**Problem to solve**
Beneath this task are records; print exactly the stretch of them from the line with "MPS Recip Blade Orange Beast Multicutter 8%" through the line with "Paloma™ | Bohemian Two-Piece Ensemble", both ends included.

[Data items]
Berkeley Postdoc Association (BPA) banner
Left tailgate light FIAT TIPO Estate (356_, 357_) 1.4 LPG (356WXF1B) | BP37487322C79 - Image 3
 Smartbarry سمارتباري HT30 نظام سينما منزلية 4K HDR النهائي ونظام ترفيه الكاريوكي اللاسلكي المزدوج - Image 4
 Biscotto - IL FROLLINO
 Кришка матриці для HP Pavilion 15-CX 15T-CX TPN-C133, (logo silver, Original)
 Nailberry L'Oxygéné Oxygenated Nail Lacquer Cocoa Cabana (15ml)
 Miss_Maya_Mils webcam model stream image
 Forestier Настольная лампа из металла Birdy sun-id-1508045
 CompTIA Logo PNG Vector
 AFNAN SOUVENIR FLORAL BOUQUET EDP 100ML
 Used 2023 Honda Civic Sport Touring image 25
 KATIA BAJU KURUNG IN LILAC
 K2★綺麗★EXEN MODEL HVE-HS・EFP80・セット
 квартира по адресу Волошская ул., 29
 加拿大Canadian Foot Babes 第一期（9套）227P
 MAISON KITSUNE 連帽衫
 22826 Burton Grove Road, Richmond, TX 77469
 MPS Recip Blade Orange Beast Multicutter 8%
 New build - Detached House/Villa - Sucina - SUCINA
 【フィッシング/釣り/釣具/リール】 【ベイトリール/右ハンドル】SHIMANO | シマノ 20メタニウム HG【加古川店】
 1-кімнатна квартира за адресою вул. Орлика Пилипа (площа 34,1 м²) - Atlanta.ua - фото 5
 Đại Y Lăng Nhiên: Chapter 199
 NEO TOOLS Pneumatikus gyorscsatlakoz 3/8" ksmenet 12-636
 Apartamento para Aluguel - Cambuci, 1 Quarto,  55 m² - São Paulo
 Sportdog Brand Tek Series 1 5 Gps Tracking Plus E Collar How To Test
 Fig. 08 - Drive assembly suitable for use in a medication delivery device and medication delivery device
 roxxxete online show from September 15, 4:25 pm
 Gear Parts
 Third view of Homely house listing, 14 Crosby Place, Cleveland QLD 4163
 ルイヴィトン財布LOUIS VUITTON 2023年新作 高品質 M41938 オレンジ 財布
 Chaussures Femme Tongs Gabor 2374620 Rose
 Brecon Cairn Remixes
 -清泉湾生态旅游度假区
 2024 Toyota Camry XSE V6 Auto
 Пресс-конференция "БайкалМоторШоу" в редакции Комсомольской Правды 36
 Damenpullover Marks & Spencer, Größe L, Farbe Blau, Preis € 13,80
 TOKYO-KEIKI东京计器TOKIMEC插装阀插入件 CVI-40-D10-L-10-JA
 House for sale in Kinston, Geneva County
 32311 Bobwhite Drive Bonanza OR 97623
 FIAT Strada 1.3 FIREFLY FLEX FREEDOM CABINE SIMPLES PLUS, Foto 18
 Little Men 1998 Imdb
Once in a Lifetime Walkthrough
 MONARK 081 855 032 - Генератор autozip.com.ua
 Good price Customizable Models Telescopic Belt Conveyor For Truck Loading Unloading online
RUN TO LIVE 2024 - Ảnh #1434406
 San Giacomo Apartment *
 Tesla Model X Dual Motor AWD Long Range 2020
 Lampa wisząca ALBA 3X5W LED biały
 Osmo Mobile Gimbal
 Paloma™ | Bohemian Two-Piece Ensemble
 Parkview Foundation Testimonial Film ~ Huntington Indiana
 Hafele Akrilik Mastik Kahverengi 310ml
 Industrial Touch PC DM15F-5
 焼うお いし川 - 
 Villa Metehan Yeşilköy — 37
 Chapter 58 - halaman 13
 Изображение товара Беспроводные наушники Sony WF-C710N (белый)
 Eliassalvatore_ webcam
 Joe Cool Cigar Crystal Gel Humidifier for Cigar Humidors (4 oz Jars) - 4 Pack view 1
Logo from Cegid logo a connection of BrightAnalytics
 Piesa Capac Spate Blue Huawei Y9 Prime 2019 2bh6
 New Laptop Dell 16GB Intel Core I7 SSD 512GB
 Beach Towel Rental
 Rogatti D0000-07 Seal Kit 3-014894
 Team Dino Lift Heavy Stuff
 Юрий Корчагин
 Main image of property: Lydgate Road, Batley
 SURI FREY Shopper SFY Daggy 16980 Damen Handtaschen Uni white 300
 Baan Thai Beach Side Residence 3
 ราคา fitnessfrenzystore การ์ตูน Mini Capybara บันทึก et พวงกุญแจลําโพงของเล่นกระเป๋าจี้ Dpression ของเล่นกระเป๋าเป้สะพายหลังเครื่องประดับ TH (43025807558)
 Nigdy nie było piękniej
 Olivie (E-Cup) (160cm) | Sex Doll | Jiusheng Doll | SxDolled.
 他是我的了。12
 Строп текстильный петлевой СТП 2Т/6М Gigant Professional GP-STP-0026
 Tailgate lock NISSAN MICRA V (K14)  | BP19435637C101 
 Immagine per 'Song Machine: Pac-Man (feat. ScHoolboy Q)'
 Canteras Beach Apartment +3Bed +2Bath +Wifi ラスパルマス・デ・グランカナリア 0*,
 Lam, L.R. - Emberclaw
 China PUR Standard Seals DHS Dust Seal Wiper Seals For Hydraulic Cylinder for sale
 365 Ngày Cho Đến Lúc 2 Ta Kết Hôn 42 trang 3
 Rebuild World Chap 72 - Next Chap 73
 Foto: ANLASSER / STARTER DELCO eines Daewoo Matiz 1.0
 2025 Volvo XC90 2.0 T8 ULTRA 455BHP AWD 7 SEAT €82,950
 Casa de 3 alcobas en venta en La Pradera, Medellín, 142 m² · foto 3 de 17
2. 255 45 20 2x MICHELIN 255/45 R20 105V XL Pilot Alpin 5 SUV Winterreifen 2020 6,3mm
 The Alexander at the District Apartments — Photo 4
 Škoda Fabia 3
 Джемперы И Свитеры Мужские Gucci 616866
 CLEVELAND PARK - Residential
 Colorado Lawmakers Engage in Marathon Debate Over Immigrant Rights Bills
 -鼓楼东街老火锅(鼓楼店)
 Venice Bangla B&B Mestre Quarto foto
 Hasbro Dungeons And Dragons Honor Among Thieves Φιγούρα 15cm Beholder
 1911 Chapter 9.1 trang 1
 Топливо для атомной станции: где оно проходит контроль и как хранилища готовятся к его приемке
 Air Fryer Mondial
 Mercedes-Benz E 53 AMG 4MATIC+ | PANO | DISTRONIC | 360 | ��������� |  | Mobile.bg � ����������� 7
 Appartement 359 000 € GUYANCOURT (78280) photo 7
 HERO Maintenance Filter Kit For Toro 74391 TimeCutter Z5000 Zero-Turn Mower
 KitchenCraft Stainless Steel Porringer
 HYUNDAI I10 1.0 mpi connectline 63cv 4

**Written answer**
 MPS Recip Blade Orange Beast Multicutter 8%
 New build - Detached House/Villa - Sucina - SUCINA
 【フィッシング/釣り/釣具/リール】 【ベイトリール/右ハンドル】SHIMANO | シマノ 20メタニウム HG【加古川店】
 1-кімнатна квартира за адресою вул. Орлика Пилипа (площа 34,1 м²) - Atlanta.ua - фото 5
 Đại Y Lăng Nhiên: Chapter 199
 NEO TOOLS Pneumatikus gyorscsatlakoz 3/8" ksmenet 12-636
 Apartamento para Aluguel - Cambuci, 1 Quarto,  55 m² - São Paulo
 Sportdog Brand Tek Series 1 5 Gps Tracking Plus E Collar How To Test
 Fig. 08 - Drive assembly suitable for use in a medication delivery device and medication delivery device
 roxxxete online show from September 15, 4:25 pm
 Gear Parts
 Third view of Homely house listing, 14 Crosby Place, Cleveland QLD 4163
 ルイヴィトン財布LOUIS VUITTON 2023年新作 高品質 M41938 オレンジ 財布
 Chaussures Femme Tongs Gabor 2374620 Rose
 Brecon Cairn Remixes
 -清泉湾生态旅游度假区
 2024 Toyota Camry XSE V6 Auto
 Пресс-конференция "БайкалМоторШоу" в редакции Комсомольской Правды 36
 Damenpullover Marks & Spencer, Größe L, Farbe Blau, Preis € 13,80
 TOKYO-KEIKI东京计器TOKIMEC插装阀插入件 CVI-40-D10-L-10-JA
 House for sale in Kinston, Geneva County
 32311 Bobwhite Drive Bonanza OR 97623
 FIAT Strada 1.3 FIREFLY FLEX FREEDOM CABINE SIMPLES PLUS, Foto 18
 Little Men 1998 Imdb
Once in a Lifetime Walkthrough
 MONARK 081 855 032 - Генератор autozip.com.ua
 Good price Customizable Models Telescopic Belt Conveyor For Truck Loading Unloading online
RUN TO LIVE 2024 - Ảnh #1434406
 San Giacomo Apartment *
 Tesla Model X Dual Motor AWD Long Range 2020
 Lampa wisząca ALBA 3X5W LED biały
 Osmo Mobile Gimbal
 Paloma™ | Bohemian Two-Piece Ensemble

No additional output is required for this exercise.